■ REQUIRED ACTION
The material below holds pictures; leave them out, and copy exactly, and only, the lines from the one with "A modern bathroom" through the last.

■ RECORDED DATA
Content starts

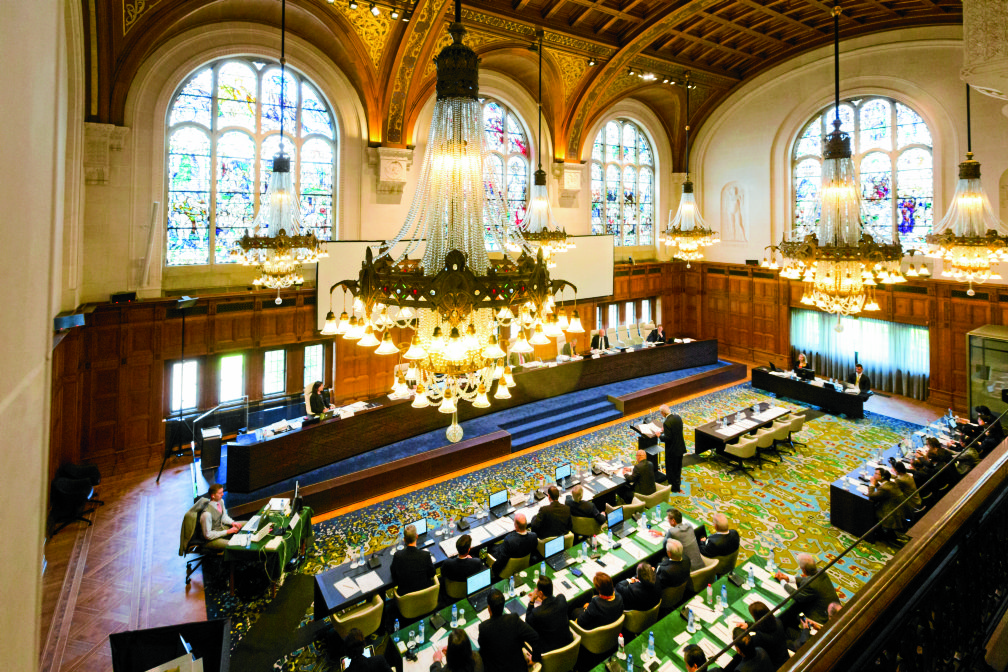 In this July 7, 2015, image provided by the Permanent Court of Arbitration, the case regarding the Philippines and China on the South China Sea is heard at the Permanent Court of Arbitration (PCA) at The Hague, the Netherlands.  An arbitration panel in The Hague, Netherlands, will issue a ruling Tuesday, July 12, 2016, in a long-running dispute between the Philippines and China over the South China Sea. The Philippines has asked the tribunal to declare China's claims and actions invalid under the U.N. Convention on the Law of the Sea. Beijing has refused to join the case, rejecting the tribunal's jurisdiction, and says it will not accept the decision.(Permanent Court of Arbitration via AP) 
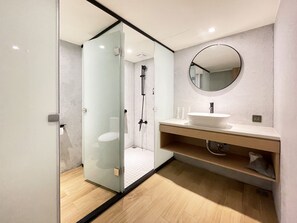 A modern bathroom with a glass-enclosed shower, a round mirror, and a wooden vanity. - Green Hotel - midori (Taichung)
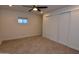 Neutral bedroom features carpet, closet with sliding doors, window and ceiling fan at 3310 W Sweetwater Ave, Phoenix, AZ 85029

Content ends

■ ANSWER FOR THE TASK
 A modern bathroom with a glass-enclosed shower, a round mirror, and a wooden vanity. - Green Hotel - midori (Taichung)
 Neutral bedroom features carpet, closet with sliding doors, window and ceiling fan at 3310 W Sweetwater Ave, Phoenix, AZ 85029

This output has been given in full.